Populations included healthy adults, people with mental health disorders and people with chronic diseases. It’s the most comprehensive review of research to date, and clearly demonstrates that exercise can rapidly alleviate mild to moderate symptoms of depression, anxiety and other forms of psychological distress. As reported by the University of South Australia, which performed the umbrella review:35
“University of South Australia researchers are calling for exercise to be a mainstay approach for managing depression as a new study shows that physical activity is 1.5 times more effective than counselling or the leading medications …

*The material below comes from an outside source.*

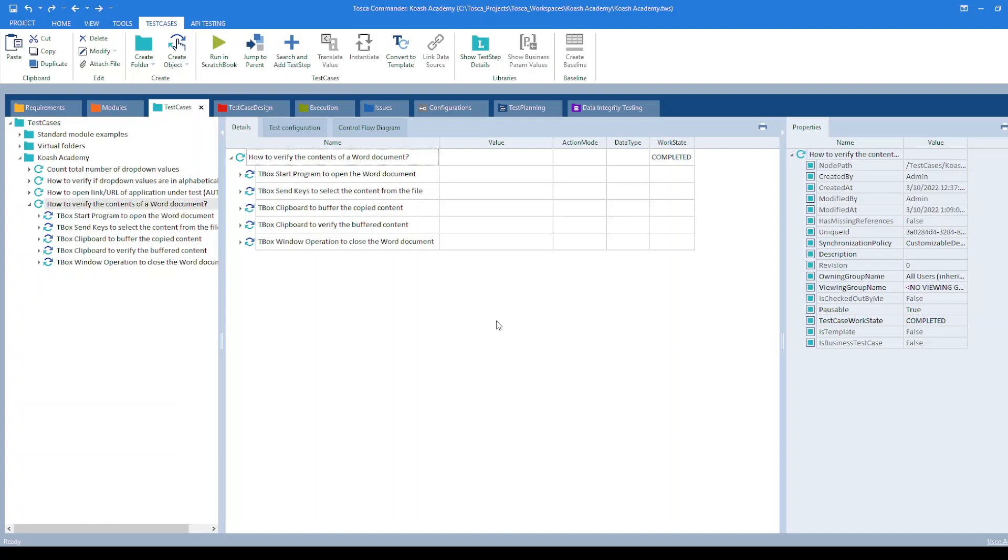Save the content in a buffer, and then verify the desired content. And then you close the word file. So let's see one by one how to do this in Tricentis Tosca.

[The study] shows that physical activity is extremely beneficial for improving symptoms of depression, anxiety, and distress. Specifically, the review showed that exercise interventions that were 12 weeks or shorter were the most effective at reducing mental health symptoms, highlighting the speed at which physical activity can make a change …
Lead UniSA researcher, Dr. Ben Singh, says physical activity must be prioritized to better manage the growing cases of mental health conditions … Higher intensity exercise had greater improvements for depression and anxiety, while longer durations had smaller effects when compared to short and mid-duration bursts.
[A]ll types of physical activity and exercise were beneficial, including aerobic exercise such as walking, resistance training, Pilates, and yoga. ‘Importantly, the research shows that it doesn’t take much for exercise to make a positive change to your mental health.’”
Dose-Response Association Between Exercise and Depression
Another systematic review,36 published in April 2022, which analyzed the association between physical activity and the risk of depression, found there’s a dose-dependent response. This review included studies from around the world published up until December 2020. In all, 15 studies were included, with a total of 191,130 participants.
“… if less active adults had achieved the current physical activity recommendations, 11.5% of depression cases could have been prevented.” ~ JAMA Psychiatry
All studies included assessed the effects of at least three different exposure levels and had a follow-up of at least three years. Compared to those who did not exercise, people who got half the recommended volume of physical activity (150 to 300 minutes of moderate intensity activity or 75 to 150 minutes of vigorous intensity exercise per week) lowered their risk for depression by 18%. Those who got the recommended amount lowered their risk by 25%. According to the authors:
“… if less active adults had achieved the current physical activity recommendations, 11.5% of depression cases could have been prevented … Health practitioners should therefore encourage any increase in physical activity to improve mental health.”